"Mmm! This is good!" Laughing now, he watched her while he munched. His grim face lost all its trouble suddenly. She had assumed anyone in a decent white toga dined daily on peacocks aswim in double sauces, yet he ate with the appetite of any starving scullion she knew. Perhaps all their ready money went on laundry bills for togas. "Give that fool a bit; he wants it, really."

Caenis eyed the senator. Once again she offered her knife; Sabinus gingerly lifted the food. His brother clapped his shoulder heavily, so she caught the gleam of his gold equestrian ring. Then he admitted to Caenis, "His footman, as you say! I clear a path in the street, chase off bailiffs and unattractive women, guard his clothes like a dog at the baths—and I see he gets enough to eat."

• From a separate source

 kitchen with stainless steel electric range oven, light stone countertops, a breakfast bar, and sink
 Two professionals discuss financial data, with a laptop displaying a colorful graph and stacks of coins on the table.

She could not tell how much of this was a joke.

By now she found in his face the bright signal that he liked her. She knew the look; she had seen it in men who danced attendance on Veronica. Caenis shrank from it. She found life a burden already. The last thing she needed was fending off some overfriendly hopeful with a broad country accent and no money. "Let me give you directions, lords."

"We'll get the girl into trouble," Sabinus warned.

For the first time his brother smiled at her. It was the tight, rueful smile of a man who understood constraints. She was too wise to smile back. Still chewing, he refused to move. Studying the floor, Caenis ate her own sausage from the knife point, slowly. It was decent pork forcemeat, flavored with myrtle berries, peppercorns, and pine nuts; she had tossed it on the heat in oil strewn with the good end of a leek.

Only two slices remained in the pan. The younger brother, Vespasian, reached for one, then stopped, and reproached her kindly, "You're letting us steal your dinner, lass."

"Oh go on!" she urged him, suddenly shy and cross. It had been giving her pleasure to offer something other than a slavegirl's usual trade.